When the Whole Is Responsible: Understanding Collective Causation and Moral Accountability

“I didn’t do it.”

“But did you benefit from it? Were you part of the system? Do you help it continue?”


Apologies are often built on a clear sequence: one person causes harm, another is hurt, and responsibility lies with the wrongdoer. But what if the harm wasn’t caused by one person—but by many?


What if the decisions, actions, or failures of an entire group—a nation, a government, a corporation, a culture—created suffering that no single person could have produced alone?


Welcome to the complex, urgent world of collective causation and collective moral responsibility.


In I Was Wrong: The Meanings of Apologies, philosopher Nick Smith asks us to take this seriously. Because many of the gravest harms in history—slavery, colonization, systemic racism, genocide, environmental destruction—were not individual acts. They were collective efforts, built and maintained over time, by groups of people acting together.


If we want to live in a just world, we must learn how to hold not only individuals—but collectives—morally accountable.




What Is Collective Causation?


Collective causation means that harm was caused not by one person, but by a group—through coordinated action, shared policies, cultural norms, or institutional structures.


It includes:


  • A legislature passing unjust laws
  • A company profiting from exploitative practices
  • A society tolerating discrimination
  • A religious institution protecting abusers
  • An entire community remaining silent in the face of known harm



No single individual may have caused the harm on their own. But together, they created it. Maintained it. Benefited from it.


And that means the group itself bears responsibility.
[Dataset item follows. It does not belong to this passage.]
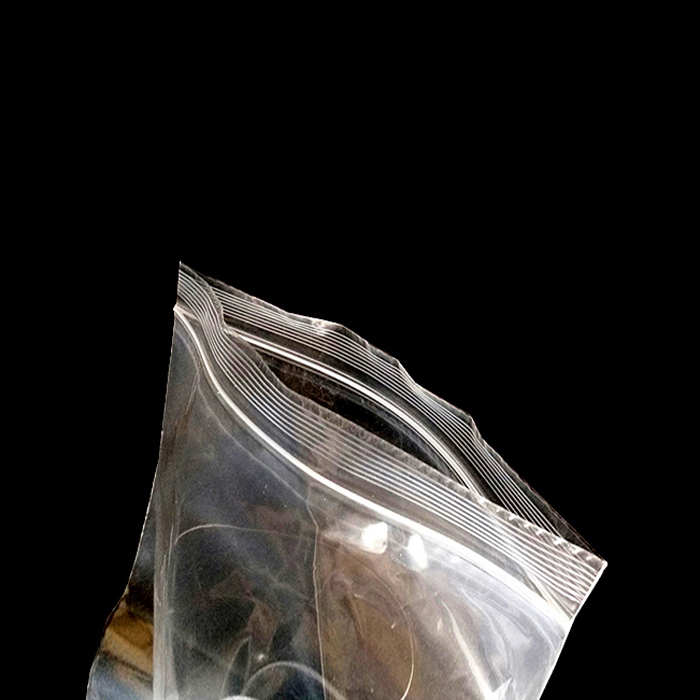 054 PE 비닐 지퍼백 지퍼팩 지퍼봉투 (111종)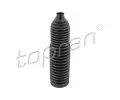 Maneta zen TOPRAN ‐ TPR 110 172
Why This Feels Uncomfortable—and Why We Must Face It


Many people resist the idea of collective responsibility. It feels unfair. Why should someone today be held accountable for harm committed before they were born? Why should a junior employee carry the blame for decisions made by a corporate board decades ago?


But Smith reminds us: collective moral responsibility is not about assigning personal guilt. It’s about acknowledging moral complicity, benefit, and continuity.


You may not have committed the harm—but:


  • Did you inherit wealth, status, or opportunity because others were excluded or exploited?
  • Are you part of a group that continues to deny or downplay its role?
  • Do you support institutions that have yet to make amends?



If the answer is yes, then you are connected.

And connection brings responsibility.


Not for what you personally did. But for what your collective has done, and still refuses to repair.




How Collective Moral Responsibility Works


Smith identifies key conditions under which groups can be held morally responsible:


  1. Shared identity — The group sees itself as a unit (e.g., a nation, church, corporation).
  2. Coordinated action or policy — The harm came from deliberate, structured behavior.
  3. Enduring legacy — The group or its successors still exist, and still benefit.
  4. Moral awareness — The harm is known, or should be known, and the group is capable of acting on that knowledge.



In these cases, collective apology becomes not just appropriate—but essential.


It says:


“This harm was not an accident. It was a product of who we were—and who, in some ways, we still are.”


And it begins the slow, difficult process of change.




Real-World Examples


  • Germany continues to offer public acknowledgment and financial reparations for its role in the Holocaust, based on a clear understanding of collective moral responsibility.
  • Canadian churches and government have issued collective apologies for their roles in Indigenous residential schools, where policies were enforced for generations.
  • Universities like Georgetown and Harvard are beginning to reckon with their historical ties to slavery—not because current faculty or students are guilty, but because the institution still benefits from past injustice.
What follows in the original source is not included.